The Environmental Petitioners argued that EPA had improperly assessed visibility improvements under CSAPR and under BART by looking at average improvements across all affected Class I areas. They argued that EPA should have adopted a regional or state-by-state approach instead. Although the judges did not appear to be dismissive of these arguments, the Environmental Petitioners face a difficult standard challenging EPA’s technical decisions. The Environmental Petitioners also appeared to argue that, contrary to EPA’s longstanding interpretation, the first prong of the test requires no degradation relative to BART, rather than relative to baseline visibility conditions.

EPA’s response described the technical and legal bases for its modeling decisions. The Department of Justice explained that EPA’s longstanding interpretation of its BART rules requires a “no degradation” finding relative to baseline conditions, not relative to BART, and that the Environmental Petitioners’ interpretation would allow the no degradation prong to swallow the overall improvement prong.

Industry and State Intervenor-Respondents argued that the court lacked jurisdiction to hear some of the Environmental Petitioners’ challenges to the CSAPR-for-BART rule. (Hunton & Williams LLP argued on behalf of the intervenor-respondents.) First, those parties argued that the Environmental Petitioners’ challenge to EPA’s use of the presumptive BART limits in its better-than-BART analysis was time-barred under the CAA because EPA decided that issue in a 2006 rule, and the time for challenging EPA’s decision on that issue was long past. Second, because the Environmental Petitioners previously litigated the same issue before the Tenth Circuit, they were precluded from raising the issue again.

CAIR-for BART Arguments
Industry and State Petitioners focused their argument on the fact that EPA had on numerous occasions stated that CAIR’s emission reductions were permanent and enforceable and that EPA’s approval in 2014 of Connecticut’s CAIR-for-BART SIP demonstrated that EPA’s 2012 disapprovals of similar SIPs for other states was arbitrary. (Hunton & Williams LLP also argued on behalf of these petitioners.) Judge Williams noted that the difference between how EPA treated Connecticut and the other states was the “most dramatic” part of Industry and State Petitioners’ briefs. Those parties further emphasized that at the time EPA published its final action in July 2014 approving Connecticut’s CAIR-for-BART SIP, the Supreme Court had overturned the D.C. Circuit’s vacatur of CSAPR, and it was known that Connecticut would not be subject to CSAPR. Other states whose CAIR-for-BART SIPs were disapproved by EPA in 2012—well before the Supreme Court’s April 2014 decision—thus had, if anything, even stronger arguments for relying on CAIR emission reductions than Connecticut did.

EPA focused its argument on “mootness,” explaining that CAIR-for-BART couldn’t offer any state regulatory relief because CAIR no longer exists.
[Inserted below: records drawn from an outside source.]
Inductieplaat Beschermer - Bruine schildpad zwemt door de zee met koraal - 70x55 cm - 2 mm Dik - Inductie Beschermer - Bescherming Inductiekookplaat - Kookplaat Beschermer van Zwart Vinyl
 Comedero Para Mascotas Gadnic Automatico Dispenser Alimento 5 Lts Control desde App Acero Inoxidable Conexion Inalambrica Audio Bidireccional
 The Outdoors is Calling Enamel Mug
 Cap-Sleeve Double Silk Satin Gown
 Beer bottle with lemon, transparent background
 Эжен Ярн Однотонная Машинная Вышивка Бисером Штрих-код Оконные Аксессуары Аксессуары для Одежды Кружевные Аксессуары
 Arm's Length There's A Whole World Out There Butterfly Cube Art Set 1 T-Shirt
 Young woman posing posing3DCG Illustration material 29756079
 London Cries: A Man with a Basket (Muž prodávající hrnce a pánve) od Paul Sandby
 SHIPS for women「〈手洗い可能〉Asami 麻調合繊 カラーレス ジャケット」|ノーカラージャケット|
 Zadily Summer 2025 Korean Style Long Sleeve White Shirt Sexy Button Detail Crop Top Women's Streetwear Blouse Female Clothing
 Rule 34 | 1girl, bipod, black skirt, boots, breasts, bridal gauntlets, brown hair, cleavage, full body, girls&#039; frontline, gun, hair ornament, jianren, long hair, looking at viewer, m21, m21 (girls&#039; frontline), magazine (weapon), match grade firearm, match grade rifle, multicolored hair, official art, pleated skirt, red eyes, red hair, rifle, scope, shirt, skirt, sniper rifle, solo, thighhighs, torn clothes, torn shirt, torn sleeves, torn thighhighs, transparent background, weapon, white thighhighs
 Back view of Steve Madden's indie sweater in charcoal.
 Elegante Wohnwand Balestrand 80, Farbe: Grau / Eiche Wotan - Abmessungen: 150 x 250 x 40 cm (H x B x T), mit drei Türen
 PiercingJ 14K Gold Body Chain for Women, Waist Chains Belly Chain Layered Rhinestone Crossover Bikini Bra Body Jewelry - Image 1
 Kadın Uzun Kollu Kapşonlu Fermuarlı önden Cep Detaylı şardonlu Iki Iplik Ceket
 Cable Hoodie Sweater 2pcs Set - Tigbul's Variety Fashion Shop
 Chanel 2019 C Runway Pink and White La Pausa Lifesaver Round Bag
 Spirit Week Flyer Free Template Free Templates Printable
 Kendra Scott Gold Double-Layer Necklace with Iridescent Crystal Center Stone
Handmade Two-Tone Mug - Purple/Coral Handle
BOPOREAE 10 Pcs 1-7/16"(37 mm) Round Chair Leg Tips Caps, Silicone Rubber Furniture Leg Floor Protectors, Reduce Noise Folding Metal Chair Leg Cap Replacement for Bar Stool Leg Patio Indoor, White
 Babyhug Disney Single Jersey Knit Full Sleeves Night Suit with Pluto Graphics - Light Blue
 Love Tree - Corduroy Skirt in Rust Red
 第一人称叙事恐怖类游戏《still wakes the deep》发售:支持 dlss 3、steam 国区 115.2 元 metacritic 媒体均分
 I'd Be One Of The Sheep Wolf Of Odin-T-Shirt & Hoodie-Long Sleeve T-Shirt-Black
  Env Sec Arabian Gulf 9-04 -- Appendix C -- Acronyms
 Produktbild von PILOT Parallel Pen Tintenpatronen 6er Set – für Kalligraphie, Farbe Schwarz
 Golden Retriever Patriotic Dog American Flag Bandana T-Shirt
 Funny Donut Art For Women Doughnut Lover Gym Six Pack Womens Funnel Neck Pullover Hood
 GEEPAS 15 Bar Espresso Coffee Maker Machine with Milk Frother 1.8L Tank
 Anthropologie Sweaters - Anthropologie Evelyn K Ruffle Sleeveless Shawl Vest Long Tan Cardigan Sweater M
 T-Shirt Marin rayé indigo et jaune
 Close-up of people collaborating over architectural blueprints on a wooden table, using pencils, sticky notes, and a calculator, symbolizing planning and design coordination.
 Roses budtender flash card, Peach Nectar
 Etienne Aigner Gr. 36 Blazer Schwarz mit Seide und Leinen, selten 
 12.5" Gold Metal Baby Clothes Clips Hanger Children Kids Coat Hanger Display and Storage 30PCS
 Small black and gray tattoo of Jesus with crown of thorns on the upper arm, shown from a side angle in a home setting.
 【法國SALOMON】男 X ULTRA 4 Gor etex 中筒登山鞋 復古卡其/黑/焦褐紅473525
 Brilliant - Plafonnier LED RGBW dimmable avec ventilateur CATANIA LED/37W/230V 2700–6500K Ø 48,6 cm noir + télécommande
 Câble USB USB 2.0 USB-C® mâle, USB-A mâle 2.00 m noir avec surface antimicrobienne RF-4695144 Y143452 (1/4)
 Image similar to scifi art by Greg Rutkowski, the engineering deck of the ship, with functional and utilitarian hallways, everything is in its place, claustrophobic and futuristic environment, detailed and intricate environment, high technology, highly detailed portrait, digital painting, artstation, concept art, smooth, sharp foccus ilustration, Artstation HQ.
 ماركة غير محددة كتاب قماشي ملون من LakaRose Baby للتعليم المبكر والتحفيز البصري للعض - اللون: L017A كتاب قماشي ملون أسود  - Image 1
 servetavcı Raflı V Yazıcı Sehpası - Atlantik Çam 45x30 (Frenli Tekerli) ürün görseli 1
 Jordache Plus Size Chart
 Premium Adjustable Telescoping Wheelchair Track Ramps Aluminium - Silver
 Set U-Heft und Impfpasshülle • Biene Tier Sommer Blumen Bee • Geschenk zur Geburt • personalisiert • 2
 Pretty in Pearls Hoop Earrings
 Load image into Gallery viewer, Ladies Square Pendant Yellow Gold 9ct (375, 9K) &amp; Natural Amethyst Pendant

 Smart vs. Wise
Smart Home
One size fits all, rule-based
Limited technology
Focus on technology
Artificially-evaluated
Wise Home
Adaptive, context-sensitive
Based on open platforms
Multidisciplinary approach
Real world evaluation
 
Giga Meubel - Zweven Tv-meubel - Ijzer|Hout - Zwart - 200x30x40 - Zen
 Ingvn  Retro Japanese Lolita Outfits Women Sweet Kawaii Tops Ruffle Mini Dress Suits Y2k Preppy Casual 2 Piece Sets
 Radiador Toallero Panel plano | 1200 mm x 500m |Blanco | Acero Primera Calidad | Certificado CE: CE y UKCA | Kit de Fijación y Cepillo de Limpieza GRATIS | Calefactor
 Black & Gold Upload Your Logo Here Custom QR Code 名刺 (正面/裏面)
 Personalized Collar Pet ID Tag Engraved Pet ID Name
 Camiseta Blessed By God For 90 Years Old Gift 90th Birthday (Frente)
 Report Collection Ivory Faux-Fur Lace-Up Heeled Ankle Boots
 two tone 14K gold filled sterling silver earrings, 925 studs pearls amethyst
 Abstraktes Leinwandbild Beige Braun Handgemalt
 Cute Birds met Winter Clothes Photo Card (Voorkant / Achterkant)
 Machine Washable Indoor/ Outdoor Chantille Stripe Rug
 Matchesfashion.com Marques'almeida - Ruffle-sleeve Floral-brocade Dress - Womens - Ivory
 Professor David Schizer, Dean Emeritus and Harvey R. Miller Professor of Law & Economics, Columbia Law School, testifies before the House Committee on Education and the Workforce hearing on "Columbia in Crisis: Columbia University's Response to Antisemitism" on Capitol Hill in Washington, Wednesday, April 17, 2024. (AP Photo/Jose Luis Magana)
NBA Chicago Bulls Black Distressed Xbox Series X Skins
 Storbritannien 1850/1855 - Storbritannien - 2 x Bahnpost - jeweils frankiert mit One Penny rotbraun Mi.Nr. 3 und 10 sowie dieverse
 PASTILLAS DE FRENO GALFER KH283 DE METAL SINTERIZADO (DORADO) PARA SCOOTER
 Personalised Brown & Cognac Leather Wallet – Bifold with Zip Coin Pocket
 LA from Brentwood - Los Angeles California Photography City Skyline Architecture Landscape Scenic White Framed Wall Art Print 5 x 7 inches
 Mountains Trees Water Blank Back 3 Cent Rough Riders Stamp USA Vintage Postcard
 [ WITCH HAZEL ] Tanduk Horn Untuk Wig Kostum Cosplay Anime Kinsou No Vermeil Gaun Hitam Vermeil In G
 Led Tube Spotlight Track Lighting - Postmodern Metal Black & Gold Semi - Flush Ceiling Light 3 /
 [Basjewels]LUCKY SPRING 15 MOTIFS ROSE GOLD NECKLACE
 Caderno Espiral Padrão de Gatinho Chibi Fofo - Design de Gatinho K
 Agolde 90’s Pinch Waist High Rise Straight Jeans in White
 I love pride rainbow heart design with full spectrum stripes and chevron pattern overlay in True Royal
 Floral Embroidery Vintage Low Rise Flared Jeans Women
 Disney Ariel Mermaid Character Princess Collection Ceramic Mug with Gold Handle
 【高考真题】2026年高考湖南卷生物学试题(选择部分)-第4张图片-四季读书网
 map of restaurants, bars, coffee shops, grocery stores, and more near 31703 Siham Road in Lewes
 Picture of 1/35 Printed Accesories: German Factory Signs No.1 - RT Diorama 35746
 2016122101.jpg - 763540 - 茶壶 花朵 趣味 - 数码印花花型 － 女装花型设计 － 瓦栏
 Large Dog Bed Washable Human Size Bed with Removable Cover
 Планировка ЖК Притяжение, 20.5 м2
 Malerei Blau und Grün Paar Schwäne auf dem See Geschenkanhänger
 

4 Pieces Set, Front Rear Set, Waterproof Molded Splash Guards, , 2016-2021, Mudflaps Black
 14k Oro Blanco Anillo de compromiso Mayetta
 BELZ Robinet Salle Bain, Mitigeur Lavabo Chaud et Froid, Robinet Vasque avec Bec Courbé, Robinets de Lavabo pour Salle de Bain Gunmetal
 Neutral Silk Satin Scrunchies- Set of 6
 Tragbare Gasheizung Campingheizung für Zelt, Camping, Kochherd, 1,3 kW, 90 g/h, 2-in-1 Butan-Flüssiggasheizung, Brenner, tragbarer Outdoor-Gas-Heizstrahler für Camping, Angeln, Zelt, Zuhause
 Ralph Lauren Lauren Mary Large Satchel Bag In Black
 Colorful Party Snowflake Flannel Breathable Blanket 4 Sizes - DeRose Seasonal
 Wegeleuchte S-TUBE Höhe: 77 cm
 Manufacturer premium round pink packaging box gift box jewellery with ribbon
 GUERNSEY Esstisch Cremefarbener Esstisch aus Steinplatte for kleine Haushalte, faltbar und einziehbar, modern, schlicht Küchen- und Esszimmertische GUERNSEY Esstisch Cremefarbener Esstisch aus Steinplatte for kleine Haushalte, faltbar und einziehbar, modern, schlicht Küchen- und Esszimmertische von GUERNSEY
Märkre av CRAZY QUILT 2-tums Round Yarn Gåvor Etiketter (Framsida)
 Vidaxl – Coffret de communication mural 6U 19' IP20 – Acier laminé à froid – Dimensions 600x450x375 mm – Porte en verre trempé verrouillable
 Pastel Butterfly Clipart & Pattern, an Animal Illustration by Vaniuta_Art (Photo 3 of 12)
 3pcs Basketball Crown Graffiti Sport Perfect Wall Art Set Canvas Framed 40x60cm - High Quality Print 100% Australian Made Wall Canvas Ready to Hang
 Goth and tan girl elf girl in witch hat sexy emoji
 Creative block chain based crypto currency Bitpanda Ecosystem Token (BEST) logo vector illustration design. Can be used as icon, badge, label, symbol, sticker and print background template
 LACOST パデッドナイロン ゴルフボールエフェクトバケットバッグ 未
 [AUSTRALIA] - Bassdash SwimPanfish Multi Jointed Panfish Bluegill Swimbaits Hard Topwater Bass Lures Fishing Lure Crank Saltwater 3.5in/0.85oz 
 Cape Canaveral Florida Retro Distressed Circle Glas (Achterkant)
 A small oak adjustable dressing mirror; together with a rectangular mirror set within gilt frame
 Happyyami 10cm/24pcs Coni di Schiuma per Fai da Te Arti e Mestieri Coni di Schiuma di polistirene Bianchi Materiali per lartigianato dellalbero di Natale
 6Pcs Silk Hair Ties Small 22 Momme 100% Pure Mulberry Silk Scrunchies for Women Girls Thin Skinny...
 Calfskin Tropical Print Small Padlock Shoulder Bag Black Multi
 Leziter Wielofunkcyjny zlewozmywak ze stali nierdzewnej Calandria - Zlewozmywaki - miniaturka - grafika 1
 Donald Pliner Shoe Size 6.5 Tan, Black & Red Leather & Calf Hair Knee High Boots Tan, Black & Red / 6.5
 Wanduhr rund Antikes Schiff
Judges Williams and Pillard asked, however, if there wasn’t the possibility of contingent relief if the court were to strike down CSAPR-for-BART. EPA maintained that CAIR’s status was determinative of this issue and appeared to suggest that CAIR’s emission reductions were only permanent and enforceable in states that became subject to CSAPR, a position that is at odds with EPA’s approval of Connecticut’s CAIR-for-BART SIP.

Environmental Intervenor-Respondents argued that the challenge to EPA’s disapprovals of CAIR-for-BART SIPs was moot for reasons similar to those advanced by EPA.

What Comes Next
A decision in these cases has been a long time in the making, and one might think we could expect a full judicial resolution soon. Although the court may well decide the case argued on November 16 in the next few months, the Environmental Petitioners already have filed a petition for review in the D.C. Circuit challenging EPA’s September 29, 2017, rule reaffirming its CSAPR-for-BART determination. The course of this newly filed case is unclear at this point. But it raises the prospect that litigation over issues surrounding the CSAPR-for-BART rule—and lingering uncertainty over whether CSAPR states and CSAPR-regulated electric generators will be able to continue to rely on that rule—may not be fully and finally resolved for some time.